CENIEH scientists publish a study of the Tobalina valley, Miranda de Ebro, and Haro sector, where the most complete fluvial sequence of the Ebro has been identified, dated to the last 1.2 million years
How are fluvial valleys formed? Why do rivers cut valleys? Which mechanisms control the rate of fluvial incision? These are universal questions in Geomorphology about river erosion, and researchers from the Centro Nacional de Investigación sobre la Evolución Humana (CENIEH) have addressed them through a comprehensive study centering on the upper course of the Ebro River where it runs through the zones of the Tobalina valley, Miranda depression, and Haro sector, which belong to the provinces of Burgos, Álava, and La Rioja.
The results of this study, published in the journal Global and Planetary Change, make clear that vertical erosion by the Upper Ebro is declining and could eventually stop, when the valley would no longer deepen.
It is seen all over the world that many rivers have formed ever deeper and narrower entrenched valleys in their most recent phases of evolution: examples are the Yellow River in China, the Colorado canyon in North America, and rivers like the Seine, Rhine, Thames, and Ebro, in Europe.
A variety of studies have linked this generalized phase of valley entrenchment with a global event of stronger incision by rivers that started 700,000-1,200,000 years ago, up to the present day.

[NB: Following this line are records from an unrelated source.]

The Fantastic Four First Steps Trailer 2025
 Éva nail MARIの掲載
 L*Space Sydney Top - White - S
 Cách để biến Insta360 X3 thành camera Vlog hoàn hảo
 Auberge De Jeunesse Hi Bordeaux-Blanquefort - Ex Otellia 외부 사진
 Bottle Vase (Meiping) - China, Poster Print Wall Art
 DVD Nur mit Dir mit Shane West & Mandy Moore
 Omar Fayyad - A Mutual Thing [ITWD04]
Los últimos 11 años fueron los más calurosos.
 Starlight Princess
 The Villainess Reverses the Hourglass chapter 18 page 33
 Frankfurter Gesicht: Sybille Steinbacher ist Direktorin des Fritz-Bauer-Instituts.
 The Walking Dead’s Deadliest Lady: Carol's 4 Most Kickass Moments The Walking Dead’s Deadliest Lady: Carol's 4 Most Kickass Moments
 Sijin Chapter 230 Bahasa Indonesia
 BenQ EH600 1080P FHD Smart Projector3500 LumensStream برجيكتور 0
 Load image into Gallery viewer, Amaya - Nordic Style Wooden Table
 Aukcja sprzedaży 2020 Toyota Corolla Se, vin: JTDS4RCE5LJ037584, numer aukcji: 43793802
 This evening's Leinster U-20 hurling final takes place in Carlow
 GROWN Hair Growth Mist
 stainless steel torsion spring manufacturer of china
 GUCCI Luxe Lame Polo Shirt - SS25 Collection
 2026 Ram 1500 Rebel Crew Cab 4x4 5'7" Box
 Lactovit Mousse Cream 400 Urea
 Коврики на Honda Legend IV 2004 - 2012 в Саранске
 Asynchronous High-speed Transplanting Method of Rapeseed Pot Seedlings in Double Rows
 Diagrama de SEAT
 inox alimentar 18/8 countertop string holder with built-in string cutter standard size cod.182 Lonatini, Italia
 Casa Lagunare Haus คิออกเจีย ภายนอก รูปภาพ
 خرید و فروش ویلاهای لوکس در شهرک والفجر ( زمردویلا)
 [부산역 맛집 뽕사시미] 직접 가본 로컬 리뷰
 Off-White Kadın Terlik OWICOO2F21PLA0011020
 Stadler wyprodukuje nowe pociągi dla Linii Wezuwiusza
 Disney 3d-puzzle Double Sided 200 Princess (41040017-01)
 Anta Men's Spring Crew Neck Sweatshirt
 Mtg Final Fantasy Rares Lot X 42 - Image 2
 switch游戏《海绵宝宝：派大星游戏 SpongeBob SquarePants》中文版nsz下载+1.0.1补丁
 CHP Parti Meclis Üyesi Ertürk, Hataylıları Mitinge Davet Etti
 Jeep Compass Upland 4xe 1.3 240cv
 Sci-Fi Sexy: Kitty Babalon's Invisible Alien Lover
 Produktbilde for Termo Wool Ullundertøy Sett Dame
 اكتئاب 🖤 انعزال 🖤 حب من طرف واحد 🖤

This rise in fluvial erosion has been explained by tectonic uplift which would have occurred in different parts of the planet generally, as well as by a harsher climate, as from that moment, more extreme and longer climatic cycles (100,000 years) became established, whose effects on vegetation cover and water flow would have stimulated erosion.
Nevertheless, this study of the surprising sequence identified in the Upper Ebro valley has furnished a record of something completely different. In the zones looked at, no fewer than 22 ancient terrace levels, namely, fluvial terraces indicating how valleys evolved, have been identified, and their position and dating reveal a gradual fall in the rate of bedrock erosion.
“These results show that the Upper Ebro has been losing incision strength for the last 1.2 million years, and it may stop deepening its valley in the near future, reaching what is known as a steady state”, according to Alfonso Benito Calvo, lead author of the study.
The data suggest that the zone of the Cantabrian Mountains through which the Upper Ebro runs is tectonically stable, and that the Quaternary climatic changes have been unable to rekindle the incision capacity of this river, in contrast with the middle and lower sections of the basin, where fewer fluvial levels are conserved but these suggest a higher incision rate.
Image analysis and dating
The initial basis for the study was identification and cartography of the fluvial terraces (at the Digital Mapping and 3D Analysis Laboratory of the CENIEH, by analyzing aerial images and relief data (LiDAR), supplied by the Instituto Geográfico Nacional.
This identification was the starting point for assigning ages to numerous samples and fluvial terraces, combining several dating techniques available at the CENIEH laboratories: Electron Spin Resonance and Luminescence. Moreover, CENIEH experts also processed cosmogenic nuclide ages measured at the Australian Nuclear Science and Technology Organisation.